Print out every record exactly as it appears.

**RECORDS FOR THE TASK**
++++

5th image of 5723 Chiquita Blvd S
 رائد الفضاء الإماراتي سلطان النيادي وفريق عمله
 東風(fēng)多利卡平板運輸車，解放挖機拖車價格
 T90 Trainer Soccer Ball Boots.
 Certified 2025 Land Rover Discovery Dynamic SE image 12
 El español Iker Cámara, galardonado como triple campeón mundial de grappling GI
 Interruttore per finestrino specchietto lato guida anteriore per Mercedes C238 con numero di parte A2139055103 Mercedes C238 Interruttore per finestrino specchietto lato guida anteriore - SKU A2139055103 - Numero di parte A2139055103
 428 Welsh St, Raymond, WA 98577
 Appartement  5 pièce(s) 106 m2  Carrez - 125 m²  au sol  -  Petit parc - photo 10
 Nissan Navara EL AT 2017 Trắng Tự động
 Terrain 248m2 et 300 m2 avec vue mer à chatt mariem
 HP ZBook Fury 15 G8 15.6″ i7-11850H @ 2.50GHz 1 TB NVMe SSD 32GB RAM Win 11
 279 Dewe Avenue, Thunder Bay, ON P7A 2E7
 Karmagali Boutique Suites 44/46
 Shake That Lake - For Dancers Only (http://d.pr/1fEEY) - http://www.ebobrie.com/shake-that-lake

++++

**RESPONSE TO THE EXERCISE**
5th image of 5723 Chiquita Blvd S
 رائد الفضاء الإماراتي سلطان النيادي وفريق عمله
 東風(fēng)多利卡平板運輸車，解放挖機拖車價格
 T90 Trainer Soccer Ball Boots.
 Certified 2025 Land Rover Discovery Dynamic SE image 12
 El español Iker Cámara, galardonado como triple campeón mundial de grappling GI
 Interruttore per finestrino specchietto lato guida anteriore per Mercedes C238 con numero di parte A2139055103 Mercedes C238 Interruttore per finestrino specchietto lato guida anteriore - SKU A2139055103 - Numero di parte A2139055103
 428 Welsh St, Raymond, WA 98577
 Appartement  5 pièce(s) 106 m2  Carrez - 125 m²  au sol  -  Petit parc - photo 10
 Nissan Navara EL AT 2017 Trắng Tự động
 Terrain 248m2 et 300 m2 avec vue mer à chatt mariem
 HP ZBook Fury 15 G8 15.6″ i7-11850H @ 2.50GHz 1 TB NVMe SSD 32GB RAM Win 11
 279 Dewe Avenue, Thunder Bay, ON P7A 2E7
 Karmagali Boutique Suites 44/46
 Shake That Lake - For Dancers Only (http://d.pr/1fEEY) - http://www.ebobrie.com/shake-that-lake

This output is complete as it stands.